### Data for analysis:

»»

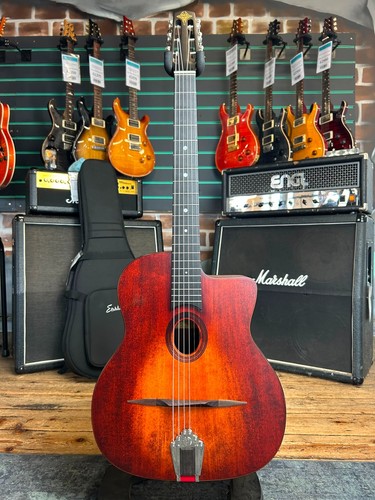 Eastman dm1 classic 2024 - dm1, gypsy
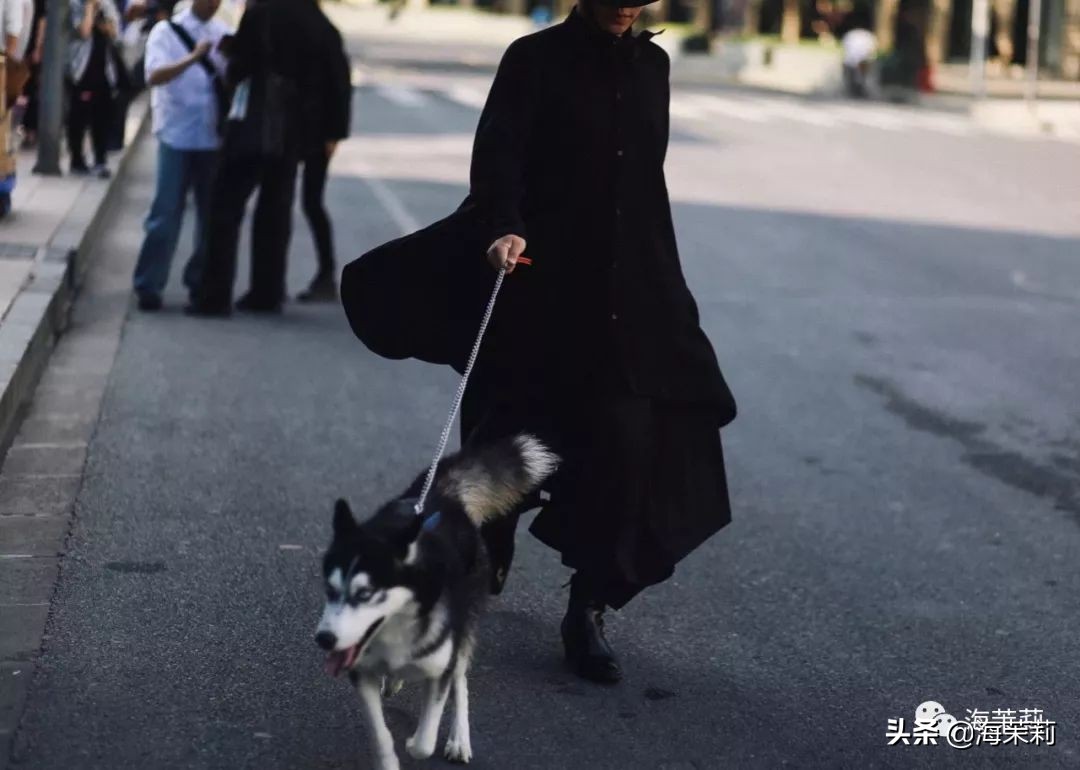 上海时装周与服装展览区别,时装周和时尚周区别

««
»»

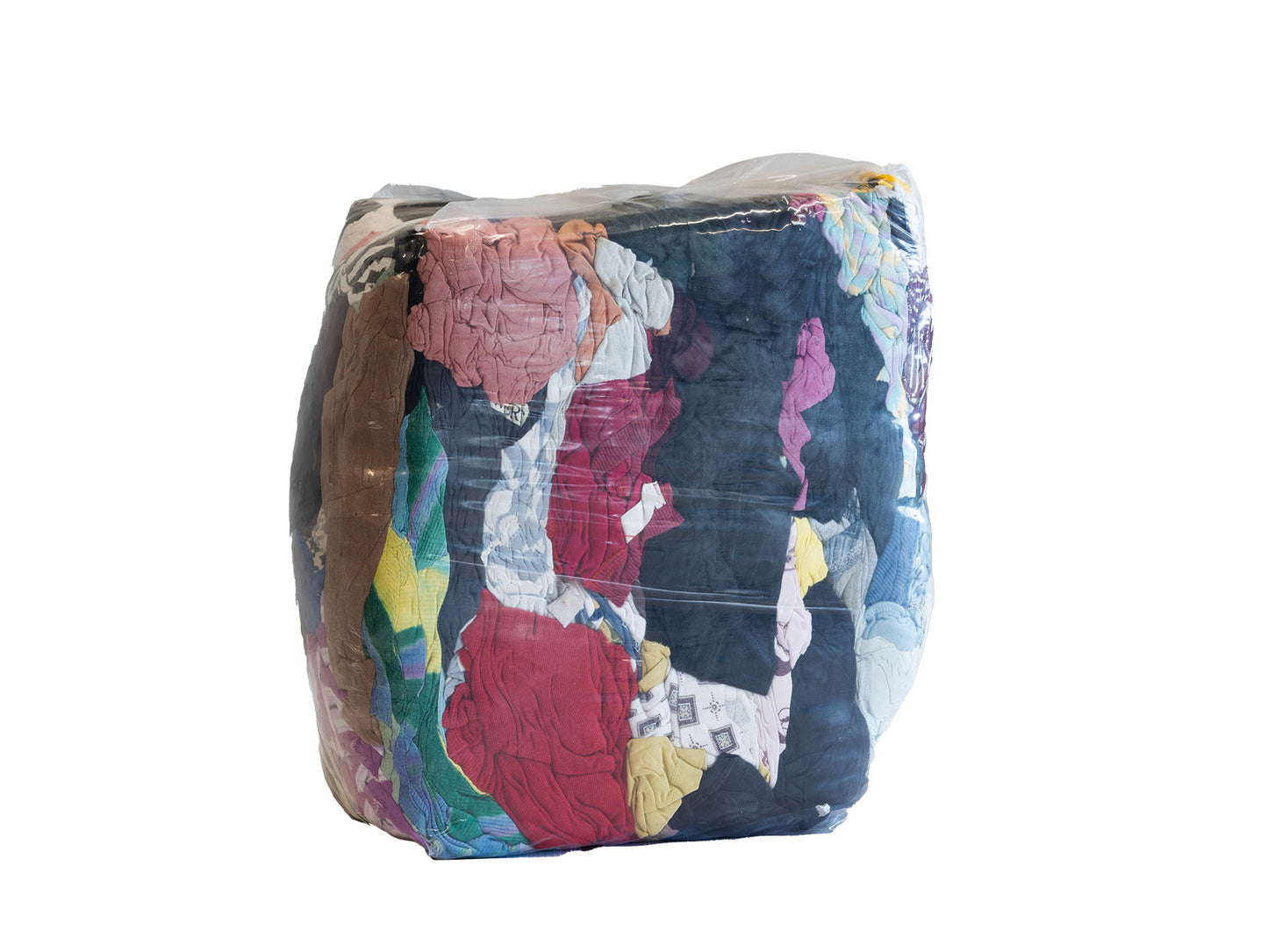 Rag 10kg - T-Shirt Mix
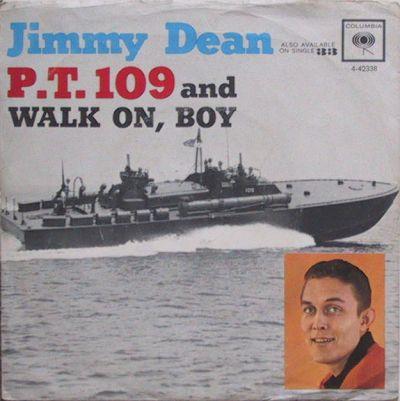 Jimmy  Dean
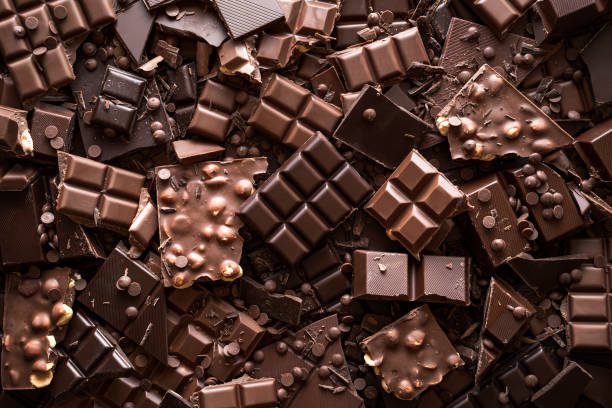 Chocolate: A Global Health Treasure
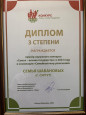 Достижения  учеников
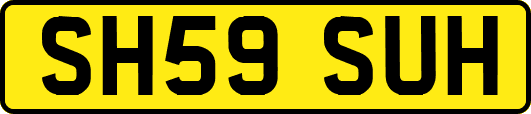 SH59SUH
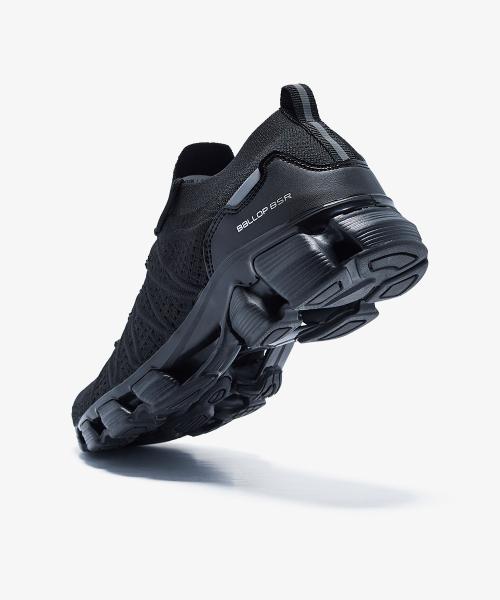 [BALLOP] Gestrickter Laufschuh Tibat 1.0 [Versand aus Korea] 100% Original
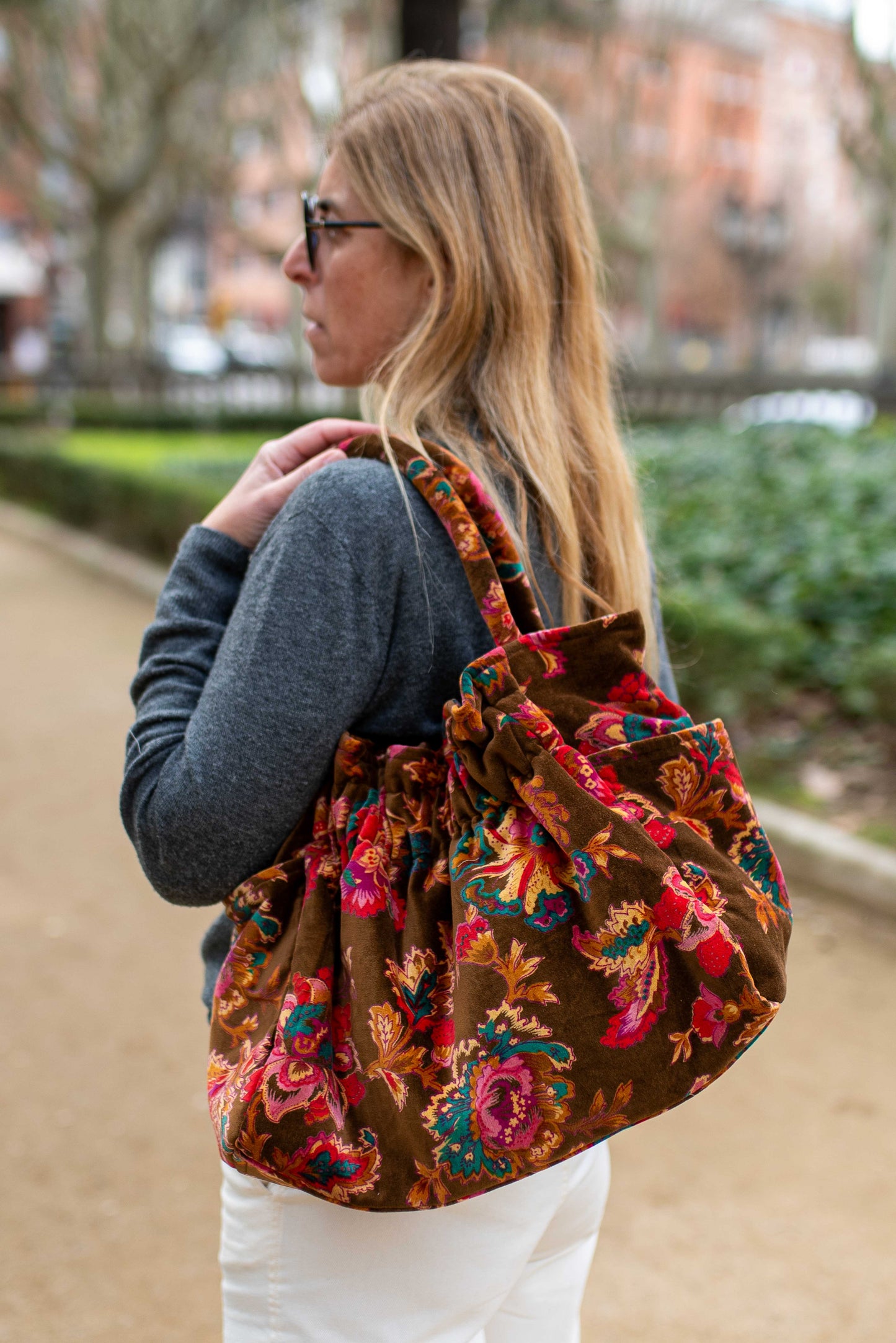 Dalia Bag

««

Above is the material; set down exactly its lines from the one containing "Eastman dm1 classic 2024 - dm1, gypsy" down to the one containing "上海时装周与服装展览区别,时装周和时尚周区别", both included, leaving out any pictures.

### Solution below:
 Eastman dm1 classic 2024 - dm1, gypsy
 上海时装周与服装展览区别,时装周和时尚周区别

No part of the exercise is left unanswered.